I do not know what this kind of matrix is called, it does not really look Circulant, but I tried to do many row and columns operation in order to make it into an upper triangular matrix so the determinant would be the product of the diagonal elements but I couldn't find a way. Any thoughts?
This is the matrix :
$$\begin{bmatrix}n&n-1&n-2&\cdots&2&1\\1&n&n-1&\cdots&3&2\\1&1&n&\cdots&4&3\\\vdots&\vdots&\vdots&\ddots&\vdots&\vdots\\1&1&1&\cdots&n&n-1\\1&1&1&\cdots&1&\lambda\end{bmatrix}$$
On
Let $M_n$ be your matrix.
Let $\eta_n$ be the $n\times n$ matrix with entry $1$ at the superdiagonal and $0$ 4 elsewhere. If you
Subtract row $k+1$ from row $k$ for $k = 1,2,\ldots,n-1$.
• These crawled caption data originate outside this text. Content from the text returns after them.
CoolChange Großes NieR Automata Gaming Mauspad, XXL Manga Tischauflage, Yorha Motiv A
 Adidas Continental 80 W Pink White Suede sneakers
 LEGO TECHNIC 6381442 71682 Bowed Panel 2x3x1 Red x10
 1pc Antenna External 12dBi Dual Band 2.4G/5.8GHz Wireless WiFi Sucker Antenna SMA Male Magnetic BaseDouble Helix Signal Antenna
This is equivalent to multiply $M_n$ by $I_n - \eta_n$ from the left
Subtract column $k-1$ from column $k$ for $k = n,n-1,\ldots,2$ (notice the order of $k$).
This is equivalent to multiply $(I_n-\eta_n)M_n$ by $I_n - \eta_n$ from the right.
After you do this, your matrix simplifies to $$(I_n - \eta_n) M_n (I_n - \eta_n) = \begin{bmatrix} n-1&-n&0&\cdots&0&0&0\\ 0&n-1&-n&\cdots&0&0&0\\ 0&0&n-1&\ddots&0&0&0\\ \vdots&\vdots&\vdots&\ddots&\ddots&\vdots&\vdots\\ 0&0&0&\cdots&n-1&-n&0\\ 0&0&0&\cdots&0&n-1&-\lambda\\ 1&0&0&\cdots&0&0&\lambda-1 \end{bmatrix}$$
From this, you can deduce
$$\det[M_n] = \det[(I_n - \eta_n)M_n(I_n - \eta_n)] = (n-1)^{n-1}(\lambda-1) + n^{n-2}\lambda$$
This is a rank one update of a triangular matrix. Let $A$ be the matrix in the post and let $B$ be the matrix with entries $b_{ij} = a_{ij} - 1$. Let $e$ be the column vector of 1's. Then $A = ee^T + B$.
Then $\det(A) = \det(B)(1+ e^TB^{-1}e)$. Since $B$ is triangular, $B^{-1}e$ is not hard to find.
This is defined if $\lambda \ne 1$. For $\lambda = 1$, take the limit.